So far we’ve focused on how the xG models are built. In practice, though, most people experience expected goals through visual summaries rather than coefficient tables. In this section, we show how the three xG models introduced above can be used to summarize individual games, with users free to choose which model (the three from earlier) to apply.
The first pair of plots shows all shot attempts for one team, normalized so that they always attack to the right. Marker shape encodes the outcome (goal, shot on goal, missed, blocked) and color encodes the shot’s xG bin, from low-danger attempts in dark blue to the most dangerous chances in bright red.
# Plot shot locations for Game 7 Stanley Cup Finals 2025.
ig_game_shot_locations(
game = 2023030417,
model = 1,
team = 'H'
)
ig_game_shot_locations(
game = 2023030417,
model = 1,
team = 'A'
)Looking at the home view, we can quickly pick out the team’s preferred shooting areas. In the example game, many of the Panthers’ attempts cluster around the slot and net-front, with several high-xG red markers just off the crease. That pattern is consistent with a team that frequently gets inside position, generates tips and rebounds, and is comfortable attacking through the middle of the ice. Switching to the away perspective, the Oilers’ shot map looks different. There are still dangerous chances around the crease, but we also see a higher volume of lower-xG shots from the outside such as point wristers, sharp-angle attempts, or quick shots off the rush that never quite reach the interior. This kind of map is a nice way to talk about “shot quality vs. shot volume”: a team may outshoot the opponent in raw attempts, but if most of those are blue markers from the perimeter, the expected goals will tell a more balanced story.

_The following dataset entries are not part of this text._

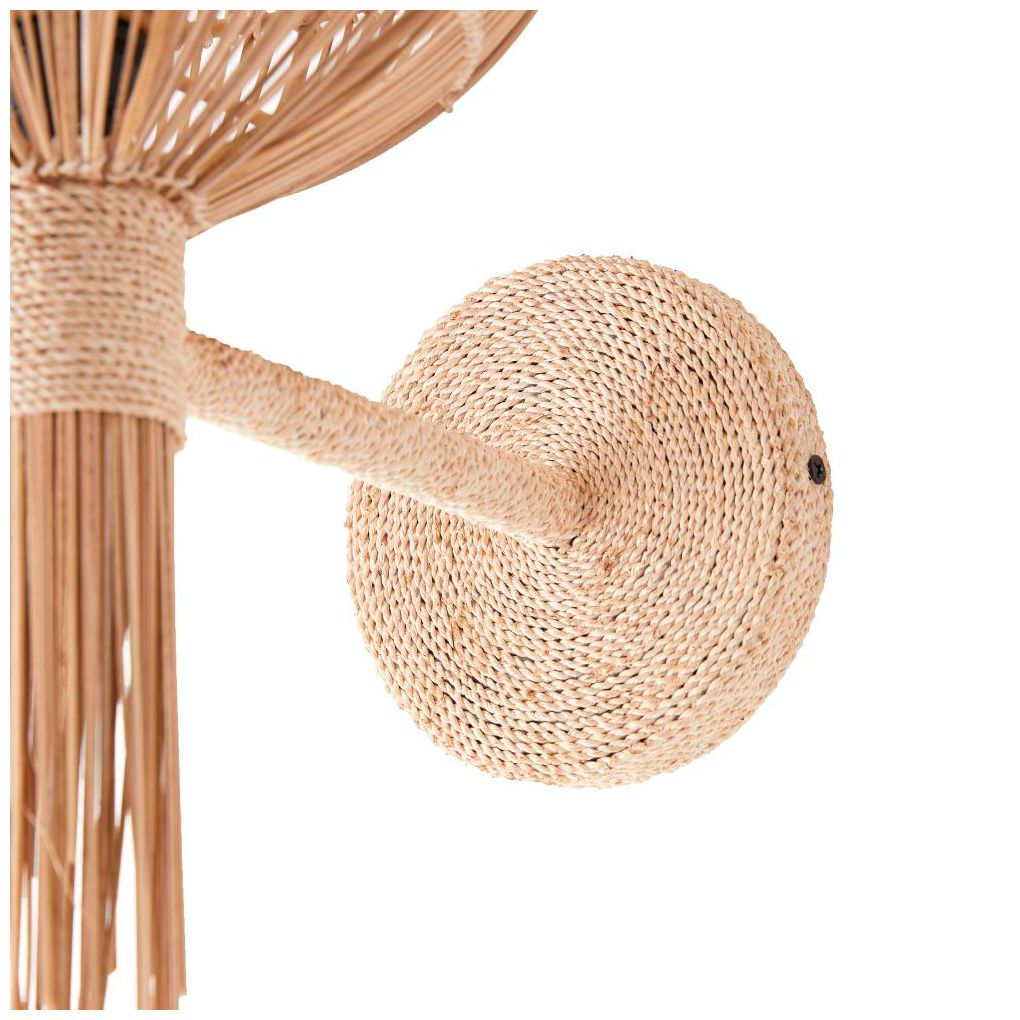 Arteriors Home Abitha 19" High Natural Woven Wall Sconce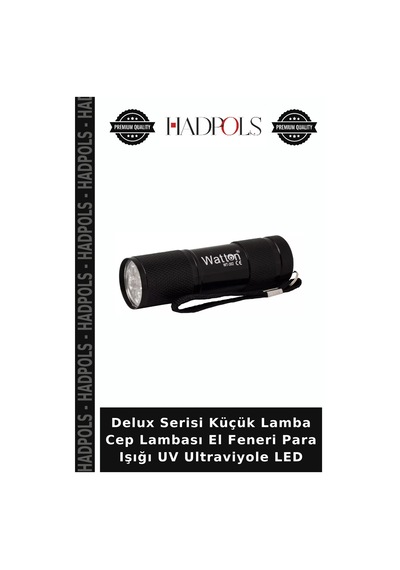 Delux Serisi Küçük Lamba Cep Lambası El Feneri Para Işığı Uv Ultraviyole Led Çok renkli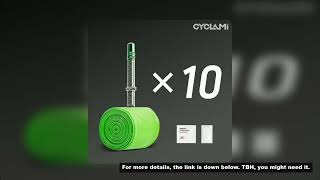 10 Pcs CYCLAMI Ultralight Bike TPU Inner Tube 700C 18 23 25 28 30 32 Road Bicycle TPU Material Tire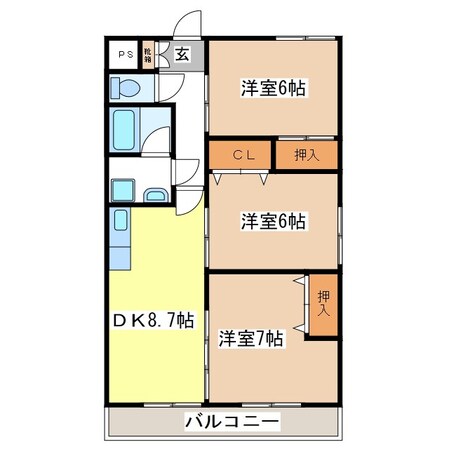 エクセリーナ21の物件間取画像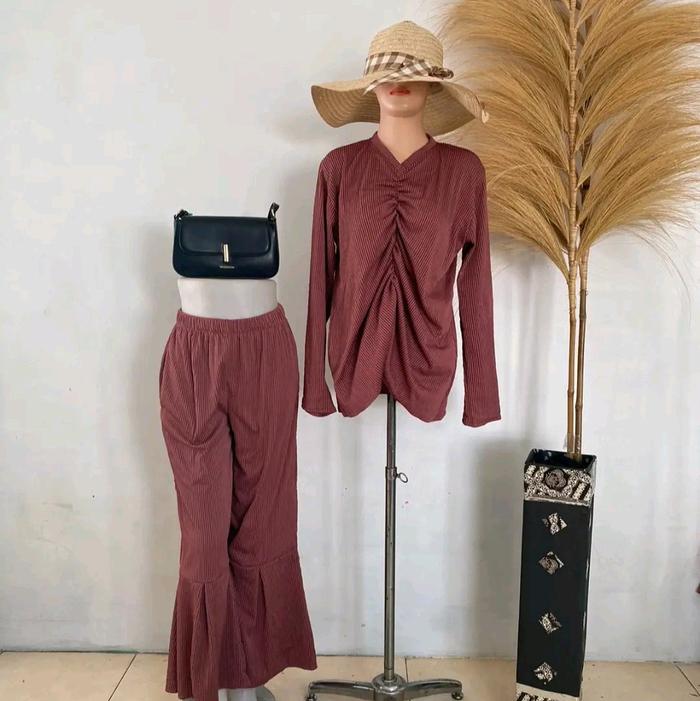 SETCEL KEKINIAN KENIT LIDI IMPORT PREMIUM Wanita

The second visualization shows cumulative xG over seconds elapsed in game for both teams at once. The x-axis runs from 0 to the end of regulation, with tick marks every 300 seconds (five minutes). The y-axis tracks the running sum of xG, so each step up corresponds to a new scoring chance; flat stretches indicate long periods without meaningful offense.
# Plot cumulative xG for Game 7 Stanley Cup Finals 2025.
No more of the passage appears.